El día 3 de abril hubo dos buenas ocurrencias. La guapa Gisella Valcárcel, que, de artista de variedades había pasado a dirigir uno de los más populares programas de la televisión, luego de entrevistar a Fujimori y delante de él, anunció a su teleaudiencia que votaría por mí. Fue un gesto valeroso, porque el Canal 5 ya había tratado de impedir antes que Gisella participara en el festival que Acción Solidaria organizó para la Navidad. Sin embargo, ella fue el estadio y animó la fiesta -sacándome incluso a bailar un huayno- y ahora, en vísperas del acto electoral, hizo público su endose, tratando de arrastrar a su público a apoyarme. La llamé para agradecérselo, y hacer votos para que esto no le acarreara represalias, cosa que, felizmente, no ocurrió.

La segunda buena nueva fueron los resultados de la última encuesta nacional que Mark y sus analistas Paul, Ed y Bill, me trajeron a la casa en la tarde de ese miércoles: me mantenía en un promedio de un 40 por ciento de las intenciones de voto y la arremetida de Fujimori, que abarcaba no sólo Lima, también el resto del Perú -con la sola excepción de la Amazonía-, le quitaba votos sobre todo al apra y a la Izquierda Unida, las que pasaban al tercero y cuarto lugar, respectivamente, en casi todos los departamentos. El avance de Fujimori en los barrios marginales de la capital parecía contenido; y en distritos como San Juan de Lurigancho y Comas yo había recuperado algunos puntos.

Centenares de periodistas de todo el mundo estaban en Lima para la elección del domingo 8 y el comando de campaña temía que la capacidad para mil quinientas personas del salón de actos del Sheraton fuera insuficiente.
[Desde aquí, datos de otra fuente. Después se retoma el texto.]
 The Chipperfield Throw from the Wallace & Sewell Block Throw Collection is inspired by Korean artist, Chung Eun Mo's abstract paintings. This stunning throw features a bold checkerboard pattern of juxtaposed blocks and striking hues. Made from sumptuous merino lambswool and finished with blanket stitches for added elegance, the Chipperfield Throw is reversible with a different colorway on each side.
Mi casa de Barranco estaba cercada por fotógrafos y camarógrafos día y noche y la seguridad se veía en aprietos para contener a los que querían escalar los muros o saltar al jardín. Para tener privacidad teníamos que cerrar persianas y bajar cortinas y hacer que los visitantes entraran en auto al garaje si no querían ser acosados por las hordas periodísticas. La ley electoral no permite publicar encuestas los quince días anteriores a las elecciones, pero en el extranjero los diarios ya habían dado noticias de la sorprendente aparición en el último minuto de las elecciones peruanas de un dark horse de origen nipón.

Yo no me sentía alarmado, como lo había estado los días de la proliferación publicitaria de nuestros candidatos parlamentarios -la que, en estas dos últimas semanas, se redujo a dimensiones menos estrepitosas-, aunque no podía dejar de pensar que entre ella y el fenómeno Fujimori había una relación de vasos comunicantes. Ese espectáculo de inmodestia económica había caído al pelo a alguien que se presentaba ante los peruanos pobres como otro pobre, asqueado de una clase política que nunca había resuelto los problemas del país. Sin embargo, pensaba que el voto por Fujimori -el voto de castigo a nosotros- no podría llegar a más de un 10 por ciento del electorado, el sector más desinformado e inculto. ¿Quiénes sino podían votar por un desconocido, sin programa, sin equipo de gobierno, sin la menor credencial política, que casi no había hecho campaña fuera de Lima, improvisado de la noche a la mañana como candidato? Dijeran lo que dijeran las encuestas, no se me pasaba por la cabeza que una candidatura tan huérfana de ideas y personas pudiera pesar frente al monumental esfuerzo desarrollado por nosotros a lo largo de casi tres años de trabajo. Y, en secreto, sin decírselo ni siquiera a Patricia, todavía albergaba la esperanza de que los peruanos me dieran ese domingo el mandato para el «gran cambio en libertad».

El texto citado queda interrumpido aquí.